### YOUR GOAL
Output, without any change, the listing below from its opening line up to and including the line with "4 Channel Mixer".

### DATA TO PROCESS
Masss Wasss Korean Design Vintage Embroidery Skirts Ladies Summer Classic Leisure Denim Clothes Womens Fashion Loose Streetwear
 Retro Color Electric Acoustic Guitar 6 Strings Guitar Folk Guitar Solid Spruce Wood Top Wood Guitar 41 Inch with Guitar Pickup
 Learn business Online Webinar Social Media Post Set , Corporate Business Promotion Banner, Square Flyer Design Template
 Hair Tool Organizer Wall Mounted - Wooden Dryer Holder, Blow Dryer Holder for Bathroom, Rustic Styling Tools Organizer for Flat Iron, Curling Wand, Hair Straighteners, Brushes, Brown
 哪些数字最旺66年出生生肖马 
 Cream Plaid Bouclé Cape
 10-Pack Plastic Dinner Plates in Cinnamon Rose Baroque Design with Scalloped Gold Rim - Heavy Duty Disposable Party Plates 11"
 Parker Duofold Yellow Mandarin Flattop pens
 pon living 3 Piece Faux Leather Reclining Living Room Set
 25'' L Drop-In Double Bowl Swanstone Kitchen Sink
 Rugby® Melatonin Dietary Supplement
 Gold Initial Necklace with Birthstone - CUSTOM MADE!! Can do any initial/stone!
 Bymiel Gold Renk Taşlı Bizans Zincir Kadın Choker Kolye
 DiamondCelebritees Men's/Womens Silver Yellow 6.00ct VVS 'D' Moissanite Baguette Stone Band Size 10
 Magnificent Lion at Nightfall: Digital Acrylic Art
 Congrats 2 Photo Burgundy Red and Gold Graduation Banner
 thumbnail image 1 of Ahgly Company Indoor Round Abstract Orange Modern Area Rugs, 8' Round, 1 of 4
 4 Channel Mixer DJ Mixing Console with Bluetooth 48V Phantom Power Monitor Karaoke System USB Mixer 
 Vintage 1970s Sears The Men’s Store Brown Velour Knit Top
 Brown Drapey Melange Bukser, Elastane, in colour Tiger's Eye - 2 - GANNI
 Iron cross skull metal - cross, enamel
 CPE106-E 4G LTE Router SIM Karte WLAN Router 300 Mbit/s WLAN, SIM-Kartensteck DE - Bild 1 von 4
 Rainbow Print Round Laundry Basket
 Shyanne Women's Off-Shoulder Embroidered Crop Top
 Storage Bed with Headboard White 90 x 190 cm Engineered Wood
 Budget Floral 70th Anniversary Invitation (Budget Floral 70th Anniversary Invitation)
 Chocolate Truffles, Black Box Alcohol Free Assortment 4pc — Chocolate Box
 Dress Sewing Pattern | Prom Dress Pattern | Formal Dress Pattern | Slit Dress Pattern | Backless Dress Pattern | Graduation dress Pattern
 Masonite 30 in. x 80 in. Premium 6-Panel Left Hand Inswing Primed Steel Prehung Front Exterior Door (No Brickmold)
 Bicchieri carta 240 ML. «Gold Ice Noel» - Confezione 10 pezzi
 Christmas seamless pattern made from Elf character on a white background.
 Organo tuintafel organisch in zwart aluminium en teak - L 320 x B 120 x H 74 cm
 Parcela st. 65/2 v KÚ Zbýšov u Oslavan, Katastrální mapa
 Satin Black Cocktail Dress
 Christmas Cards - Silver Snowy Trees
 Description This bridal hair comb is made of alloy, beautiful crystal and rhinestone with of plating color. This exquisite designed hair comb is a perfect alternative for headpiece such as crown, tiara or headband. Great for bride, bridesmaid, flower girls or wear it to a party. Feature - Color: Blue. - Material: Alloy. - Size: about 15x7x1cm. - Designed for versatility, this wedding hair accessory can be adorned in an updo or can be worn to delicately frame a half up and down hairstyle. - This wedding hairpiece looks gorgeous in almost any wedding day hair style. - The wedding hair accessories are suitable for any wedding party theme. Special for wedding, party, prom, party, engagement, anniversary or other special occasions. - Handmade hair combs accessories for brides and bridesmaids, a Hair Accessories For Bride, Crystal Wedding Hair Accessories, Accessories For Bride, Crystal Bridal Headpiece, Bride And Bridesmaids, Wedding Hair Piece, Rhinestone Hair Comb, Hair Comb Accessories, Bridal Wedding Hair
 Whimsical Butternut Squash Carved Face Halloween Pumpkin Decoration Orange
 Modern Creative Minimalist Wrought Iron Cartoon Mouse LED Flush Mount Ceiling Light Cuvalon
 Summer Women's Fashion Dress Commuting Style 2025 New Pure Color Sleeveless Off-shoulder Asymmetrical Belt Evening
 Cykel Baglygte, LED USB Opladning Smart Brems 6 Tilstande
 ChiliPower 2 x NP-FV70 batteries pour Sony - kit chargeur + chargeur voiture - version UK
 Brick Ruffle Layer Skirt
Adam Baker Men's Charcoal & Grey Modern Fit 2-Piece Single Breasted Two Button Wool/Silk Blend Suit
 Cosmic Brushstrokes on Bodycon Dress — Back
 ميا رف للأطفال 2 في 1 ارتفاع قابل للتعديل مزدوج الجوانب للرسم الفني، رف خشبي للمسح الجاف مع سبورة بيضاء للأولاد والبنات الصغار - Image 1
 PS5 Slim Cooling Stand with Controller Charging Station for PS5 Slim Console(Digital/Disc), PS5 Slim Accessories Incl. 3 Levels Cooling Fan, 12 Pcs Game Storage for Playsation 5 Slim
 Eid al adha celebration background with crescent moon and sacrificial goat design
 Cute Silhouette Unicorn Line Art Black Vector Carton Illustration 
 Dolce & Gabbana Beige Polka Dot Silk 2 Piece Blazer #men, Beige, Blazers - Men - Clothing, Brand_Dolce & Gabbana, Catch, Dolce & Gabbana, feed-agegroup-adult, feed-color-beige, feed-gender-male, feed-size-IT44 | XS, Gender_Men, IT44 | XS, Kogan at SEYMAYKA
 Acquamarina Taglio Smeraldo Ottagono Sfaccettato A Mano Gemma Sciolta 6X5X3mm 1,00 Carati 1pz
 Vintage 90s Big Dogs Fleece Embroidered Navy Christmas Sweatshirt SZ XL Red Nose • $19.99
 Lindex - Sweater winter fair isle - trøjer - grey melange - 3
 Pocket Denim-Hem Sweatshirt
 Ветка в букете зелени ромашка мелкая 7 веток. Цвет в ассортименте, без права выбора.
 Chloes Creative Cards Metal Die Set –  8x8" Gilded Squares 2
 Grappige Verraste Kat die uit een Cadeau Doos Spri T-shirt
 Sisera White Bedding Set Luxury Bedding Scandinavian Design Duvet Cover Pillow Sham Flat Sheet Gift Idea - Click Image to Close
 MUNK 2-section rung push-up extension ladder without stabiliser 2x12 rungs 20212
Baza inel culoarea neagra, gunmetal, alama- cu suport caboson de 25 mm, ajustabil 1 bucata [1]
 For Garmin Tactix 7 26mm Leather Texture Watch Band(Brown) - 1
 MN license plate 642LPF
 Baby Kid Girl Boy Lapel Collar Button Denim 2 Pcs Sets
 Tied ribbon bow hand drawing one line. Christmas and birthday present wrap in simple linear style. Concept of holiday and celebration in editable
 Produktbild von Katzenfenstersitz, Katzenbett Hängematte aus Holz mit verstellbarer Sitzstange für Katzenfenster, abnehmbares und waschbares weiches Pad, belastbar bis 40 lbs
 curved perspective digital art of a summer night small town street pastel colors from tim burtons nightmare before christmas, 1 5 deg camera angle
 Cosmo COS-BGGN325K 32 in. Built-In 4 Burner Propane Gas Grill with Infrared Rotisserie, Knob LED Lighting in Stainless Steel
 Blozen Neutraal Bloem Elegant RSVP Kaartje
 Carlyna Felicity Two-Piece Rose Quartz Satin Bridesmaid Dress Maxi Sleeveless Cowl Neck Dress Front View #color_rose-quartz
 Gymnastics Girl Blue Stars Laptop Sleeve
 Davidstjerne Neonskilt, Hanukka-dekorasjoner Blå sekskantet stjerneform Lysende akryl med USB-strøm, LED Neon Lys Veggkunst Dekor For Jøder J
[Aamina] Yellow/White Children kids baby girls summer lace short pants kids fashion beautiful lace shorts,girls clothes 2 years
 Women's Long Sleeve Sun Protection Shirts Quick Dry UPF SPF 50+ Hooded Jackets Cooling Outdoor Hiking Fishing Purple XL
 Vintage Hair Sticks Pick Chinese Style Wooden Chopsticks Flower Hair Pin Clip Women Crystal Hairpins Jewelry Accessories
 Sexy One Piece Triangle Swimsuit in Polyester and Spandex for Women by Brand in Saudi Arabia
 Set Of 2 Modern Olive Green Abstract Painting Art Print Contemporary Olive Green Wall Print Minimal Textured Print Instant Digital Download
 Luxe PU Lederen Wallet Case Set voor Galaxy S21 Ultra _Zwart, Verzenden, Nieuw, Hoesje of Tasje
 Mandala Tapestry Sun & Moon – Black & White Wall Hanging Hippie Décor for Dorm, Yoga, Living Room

### SOLVED PROBLEM
Masss Wasss Korean Design Vintage Embroidery Skirts Ladies Summer Classic Leisure Denim Clothes Womens Fashion Loose Streetwear
 Retro Color Electric Acoustic Guitar 6 Strings Guitar Folk Guitar Solid Spruce Wood Top Wood Guitar 41 Inch with Guitar Pickup
 Learn business Online Webinar Social Media Post Set , Corporate Business Promotion Banner, Square Flyer Design Template
 Hair Tool Organizer Wall Mounted - Wooden Dryer Holder, Blow Dryer Holder for Bathroom, Rustic Styling Tools Organizer for Flat Iron, Curling Wand, Hair Straighteners, Brushes, Brown
 哪些数字最旺66年出生生肖马 
 Cream Plaid Bouclé Cape
 10-Pack Plastic Dinner Plates in Cinnamon Rose Baroque Design with Scalloped Gold Rim - Heavy Duty Disposable Party Plates 11"
 Parker Duofold Yellow Mandarin Flattop pens
 pon living 3 Piece Faux Leather Reclining Living Room Set
 25'' L Drop-In Double Bowl Swanstone Kitchen Sink
 Rugby® Melatonin Dietary Supplement
 Gold Initial Necklace with Birthstone - CUSTOM MADE!! Can do any initial/stone!
 Bymiel Gold Renk Taşlı Bizans Zincir Kadın Choker Kolye
 DiamondCelebritees Men's/Womens Silver Yellow 6.00ct VVS 'D' Moissanite Baguette Stone Band Size 10
 Magnificent Lion at Nightfall: Digital Acrylic Art
 Congrats 2 Photo Burgundy Red and Gold Graduation Banner
 thumbnail image 1 of Ahgly Company Indoor Round Abstract Orange Modern Area Rugs, 8' Round, 1 of 4
 4 Channel Mixer DJ Mixing Console with Bluetooth 48V Phantom Power Monitor Karaoke System USB Mixer 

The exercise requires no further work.